=== Section Start ===

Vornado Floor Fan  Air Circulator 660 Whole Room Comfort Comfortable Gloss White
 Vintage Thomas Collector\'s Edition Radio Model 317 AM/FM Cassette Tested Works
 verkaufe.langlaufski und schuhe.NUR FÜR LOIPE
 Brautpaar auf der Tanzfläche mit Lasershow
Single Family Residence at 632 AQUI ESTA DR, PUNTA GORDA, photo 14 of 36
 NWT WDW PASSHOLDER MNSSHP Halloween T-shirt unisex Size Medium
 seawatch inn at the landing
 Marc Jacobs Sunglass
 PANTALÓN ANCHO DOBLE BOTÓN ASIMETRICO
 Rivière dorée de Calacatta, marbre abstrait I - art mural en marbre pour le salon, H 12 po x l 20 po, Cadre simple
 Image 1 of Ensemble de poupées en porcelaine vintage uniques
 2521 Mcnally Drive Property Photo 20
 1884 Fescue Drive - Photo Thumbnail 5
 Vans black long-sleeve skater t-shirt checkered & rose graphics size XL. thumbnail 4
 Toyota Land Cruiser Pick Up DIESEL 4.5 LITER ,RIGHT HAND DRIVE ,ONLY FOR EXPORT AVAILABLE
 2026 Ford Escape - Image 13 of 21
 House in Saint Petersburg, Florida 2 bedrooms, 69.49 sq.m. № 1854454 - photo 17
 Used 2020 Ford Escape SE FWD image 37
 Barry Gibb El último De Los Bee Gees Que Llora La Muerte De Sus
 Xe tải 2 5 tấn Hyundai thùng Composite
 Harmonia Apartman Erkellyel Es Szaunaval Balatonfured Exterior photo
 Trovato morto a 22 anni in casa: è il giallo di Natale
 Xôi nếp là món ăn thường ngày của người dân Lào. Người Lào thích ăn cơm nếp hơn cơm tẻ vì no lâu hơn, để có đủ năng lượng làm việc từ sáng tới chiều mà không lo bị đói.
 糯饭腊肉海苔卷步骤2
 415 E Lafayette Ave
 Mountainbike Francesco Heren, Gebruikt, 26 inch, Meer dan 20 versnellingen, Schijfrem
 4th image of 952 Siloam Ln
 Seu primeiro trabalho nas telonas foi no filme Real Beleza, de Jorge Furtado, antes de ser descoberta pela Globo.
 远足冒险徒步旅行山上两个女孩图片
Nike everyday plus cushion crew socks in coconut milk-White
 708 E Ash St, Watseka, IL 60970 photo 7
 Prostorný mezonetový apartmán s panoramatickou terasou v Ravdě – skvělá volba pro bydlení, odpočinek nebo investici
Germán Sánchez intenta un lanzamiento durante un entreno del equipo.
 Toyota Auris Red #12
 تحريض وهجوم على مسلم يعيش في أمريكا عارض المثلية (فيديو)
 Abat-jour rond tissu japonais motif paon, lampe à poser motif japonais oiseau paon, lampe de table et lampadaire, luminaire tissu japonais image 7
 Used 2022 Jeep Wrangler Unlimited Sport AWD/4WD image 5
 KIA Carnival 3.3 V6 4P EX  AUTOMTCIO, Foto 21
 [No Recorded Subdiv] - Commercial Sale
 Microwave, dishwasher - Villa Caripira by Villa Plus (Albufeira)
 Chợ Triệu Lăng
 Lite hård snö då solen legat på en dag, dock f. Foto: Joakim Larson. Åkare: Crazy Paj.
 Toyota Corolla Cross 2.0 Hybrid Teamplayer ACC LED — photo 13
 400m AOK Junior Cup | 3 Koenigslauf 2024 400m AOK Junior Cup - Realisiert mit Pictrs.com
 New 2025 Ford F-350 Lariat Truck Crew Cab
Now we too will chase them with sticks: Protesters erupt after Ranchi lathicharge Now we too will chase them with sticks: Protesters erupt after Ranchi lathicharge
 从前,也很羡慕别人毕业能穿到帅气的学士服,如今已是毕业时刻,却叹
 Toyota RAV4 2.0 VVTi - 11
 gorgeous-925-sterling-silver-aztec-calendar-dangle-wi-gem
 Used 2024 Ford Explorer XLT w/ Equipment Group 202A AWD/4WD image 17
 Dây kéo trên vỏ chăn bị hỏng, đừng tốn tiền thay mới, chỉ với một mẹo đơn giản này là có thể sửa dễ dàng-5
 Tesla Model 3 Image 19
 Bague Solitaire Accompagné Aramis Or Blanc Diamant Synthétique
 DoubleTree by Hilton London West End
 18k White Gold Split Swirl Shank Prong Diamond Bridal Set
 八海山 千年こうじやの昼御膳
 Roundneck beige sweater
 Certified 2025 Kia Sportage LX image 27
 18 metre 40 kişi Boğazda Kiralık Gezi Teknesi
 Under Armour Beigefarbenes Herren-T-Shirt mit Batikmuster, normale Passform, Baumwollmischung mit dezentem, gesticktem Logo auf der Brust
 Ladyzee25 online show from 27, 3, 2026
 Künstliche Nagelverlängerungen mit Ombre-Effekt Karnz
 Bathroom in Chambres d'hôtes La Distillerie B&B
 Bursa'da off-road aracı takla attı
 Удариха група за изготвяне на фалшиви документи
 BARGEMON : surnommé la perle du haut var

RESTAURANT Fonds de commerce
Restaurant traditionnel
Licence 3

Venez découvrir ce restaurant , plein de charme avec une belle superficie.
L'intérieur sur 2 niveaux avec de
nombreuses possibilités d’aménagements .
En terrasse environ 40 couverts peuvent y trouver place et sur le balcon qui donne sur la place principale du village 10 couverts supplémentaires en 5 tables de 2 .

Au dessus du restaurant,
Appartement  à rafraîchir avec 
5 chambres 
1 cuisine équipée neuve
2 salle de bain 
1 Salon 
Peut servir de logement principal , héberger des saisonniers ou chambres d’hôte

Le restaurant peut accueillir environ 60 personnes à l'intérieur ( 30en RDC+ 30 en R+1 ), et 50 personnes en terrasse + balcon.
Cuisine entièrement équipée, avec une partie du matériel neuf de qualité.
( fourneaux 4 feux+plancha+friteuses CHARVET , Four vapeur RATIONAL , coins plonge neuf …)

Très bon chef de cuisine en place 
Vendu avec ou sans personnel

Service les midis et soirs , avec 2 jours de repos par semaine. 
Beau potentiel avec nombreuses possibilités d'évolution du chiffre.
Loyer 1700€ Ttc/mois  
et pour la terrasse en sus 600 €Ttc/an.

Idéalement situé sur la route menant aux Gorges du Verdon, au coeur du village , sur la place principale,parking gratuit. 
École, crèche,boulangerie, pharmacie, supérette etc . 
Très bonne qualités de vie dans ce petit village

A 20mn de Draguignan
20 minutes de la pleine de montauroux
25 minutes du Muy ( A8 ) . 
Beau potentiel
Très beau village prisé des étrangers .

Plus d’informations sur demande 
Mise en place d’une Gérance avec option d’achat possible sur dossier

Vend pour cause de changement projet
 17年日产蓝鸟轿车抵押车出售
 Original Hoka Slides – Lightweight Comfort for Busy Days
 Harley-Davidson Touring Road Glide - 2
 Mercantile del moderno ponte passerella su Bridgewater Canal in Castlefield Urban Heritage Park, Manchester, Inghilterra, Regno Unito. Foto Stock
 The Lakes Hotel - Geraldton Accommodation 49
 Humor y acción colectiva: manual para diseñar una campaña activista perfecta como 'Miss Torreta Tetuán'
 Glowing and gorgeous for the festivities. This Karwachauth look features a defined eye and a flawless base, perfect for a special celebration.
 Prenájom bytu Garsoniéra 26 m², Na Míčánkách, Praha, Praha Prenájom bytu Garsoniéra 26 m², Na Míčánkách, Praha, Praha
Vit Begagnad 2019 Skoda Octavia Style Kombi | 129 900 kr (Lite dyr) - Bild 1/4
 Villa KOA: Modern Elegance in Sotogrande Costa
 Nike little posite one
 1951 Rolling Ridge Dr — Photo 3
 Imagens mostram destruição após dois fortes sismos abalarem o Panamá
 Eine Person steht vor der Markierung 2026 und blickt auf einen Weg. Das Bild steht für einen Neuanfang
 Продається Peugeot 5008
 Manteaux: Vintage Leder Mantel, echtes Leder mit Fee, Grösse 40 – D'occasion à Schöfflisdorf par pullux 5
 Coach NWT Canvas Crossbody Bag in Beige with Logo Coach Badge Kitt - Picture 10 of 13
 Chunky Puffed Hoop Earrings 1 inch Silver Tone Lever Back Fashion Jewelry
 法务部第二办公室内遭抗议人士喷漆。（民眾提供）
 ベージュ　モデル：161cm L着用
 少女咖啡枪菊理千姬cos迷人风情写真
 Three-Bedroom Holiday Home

=== Section End ===

Exercise instructions
Look above for the line that contains "Trovato morto a". Starting there, transcribe every line exactly until you have copied the line that contains "New 2025 Ford F-350 Lariat Truck Crew Cab".

Answer area
 Trovato morto a 22 anni in casa: è il giallo di Natale
 Xôi nếp là món ăn thường ngày của người dân Lào. Người Lào thích ăn cơm nếp hơn cơm tẻ vì no lâu hơn, để có đủ năng lượng làm việc từ sáng tới chiều mà không lo bị đói.
 糯饭腊肉海苔卷步骤2
 415 E Lafayette Ave
 Mountainbike Francesco Heren, Gebruikt, 26 inch, Meer dan 20 versnellingen, Schijfrem
 4th image of 952 Siloam Ln
 Seu primeiro trabalho nas telonas foi no filme Real Beleza, de Jorge Furtado, antes de ser descoberta pela Globo.
 远足冒险徒步旅行山上两个女孩图片
Nike everyday plus cushion crew socks in coconut milk-White
 708 E Ash St, Watseka, IL 60970 photo 7
 Prostorný mezonetový apartmán s panoramatickou terasou v Ravdě – skvělá volba pro bydlení, odpočinek nebo investici
Germán Sánchez intenta un lanzamiento durante un entreno del equipo.
 Toyota Auris Red #12
 تحريض وهجوم على مسلم يعيش في أمريكا عارض المثلية (فيديو)
 Abat-jour rond tissu japonais motif paon, lampe à poser motif japonais oiseau paon, lampe de table et lampadaire, luminaire tissu japonais image 7
 Used 2022 Jeep Wrangler Unlimited Sport AWD/4WD image 5
 KIA Carnival 3.3 V6 4P EX  AUTOMTCIO, Foto 21
 [No Recorded Subdiv] - Commercial Sale
 Microwave, dishwasher - Villa Caripira by Villa Plus (Albufeira)
 Chợ Triệu Lăng
 Lite hård snö då solen legat på en dag, dock f. Foto: Joakim Larson. Åkare: Crazy Paj.
 Toyota Corolla Cross 2.0 Hybrid Teamplayer ACC LED — photo 13
 400m AOK Junior Cup | 3 Koenigslauf 2024 400m AOK Junior Cup - Realisiert mit Pictrs.com
 New 2025 Ford F-350 Lariat Truck Crew Cab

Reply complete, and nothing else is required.